▶ _Data block_
○ ○ ○ ○
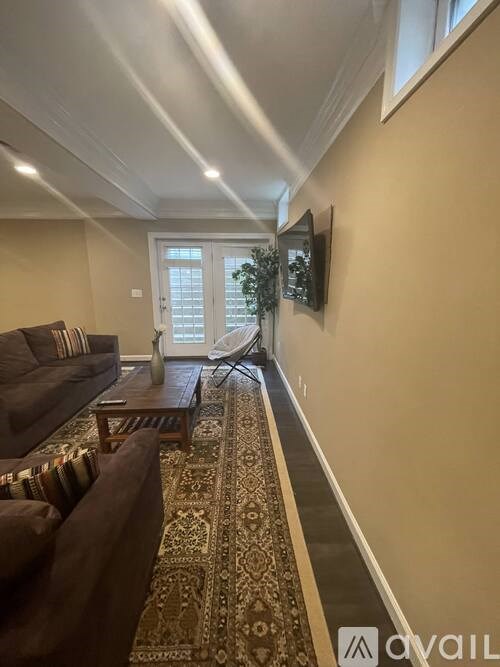 A living room with a brown couch and a rug.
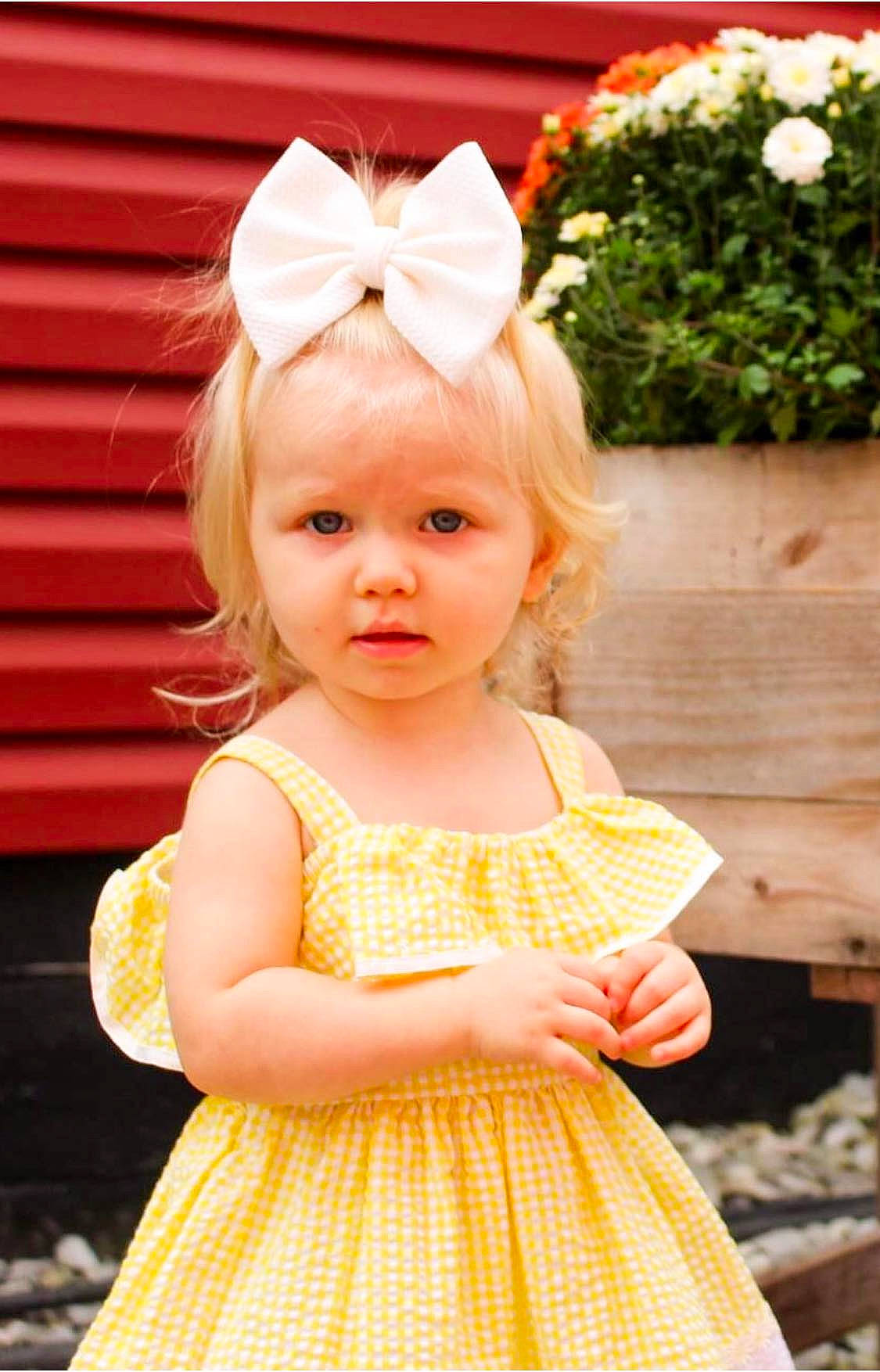 Adaline is registered to the contest to win money with this photo: baby, baby_toddler_clothing, child, child_model, clothing, design, dress, ear, fashion_accessory, hair_accessory, headband, headgear, pattern, peach, person, pink, polka_dot, toddler, yellow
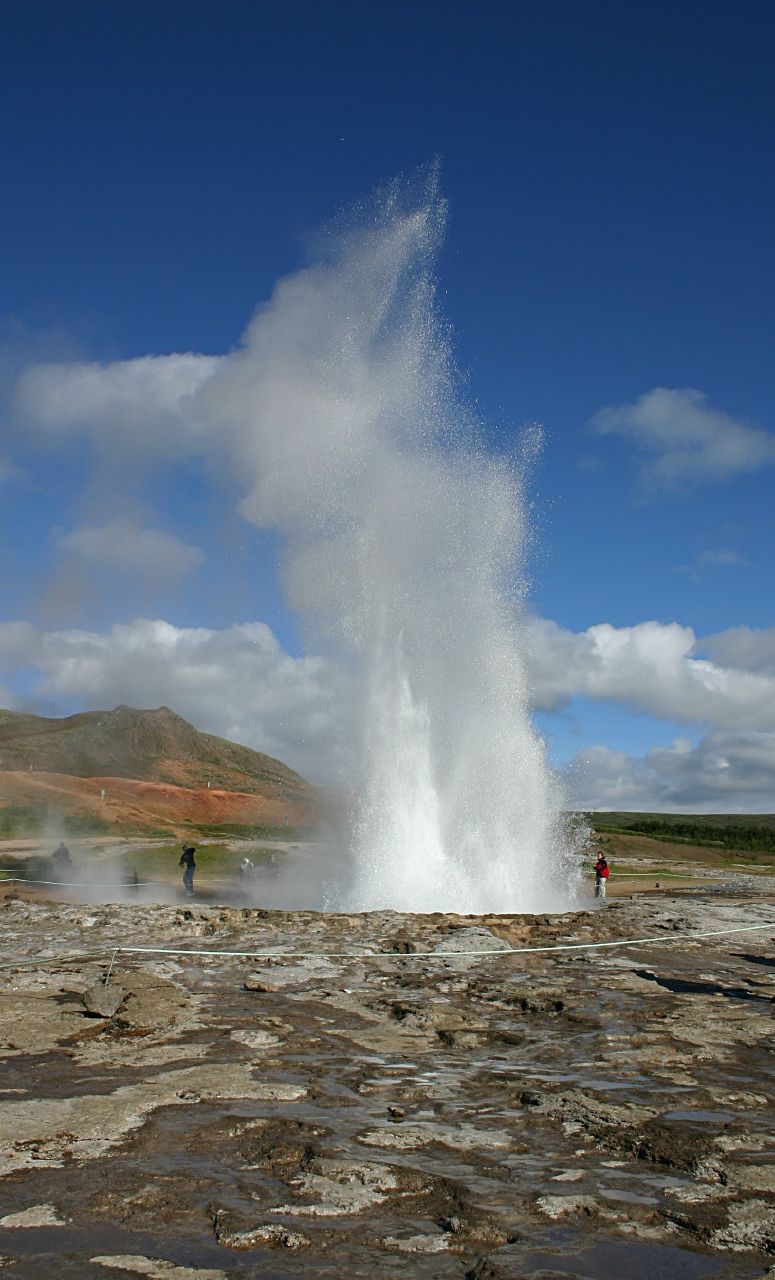 two people walking towards the big geyser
○ ○ ○ ○
▶ _Directions_
Return the listing unchanged, but drop every picture.

▶ _Answer to this task_
 A living room with a brown couch and a rug.
 Adaline is registered to the contest to win money with this photo: baby, baby_toddler_clothing, child, child_model, clothing, design, dress, ear, fashion_accessory, hair_accessory, headband, headgear, pattern, peach, person, pink, polka_dot, toddler, yellow
 two people walking towards the big geyser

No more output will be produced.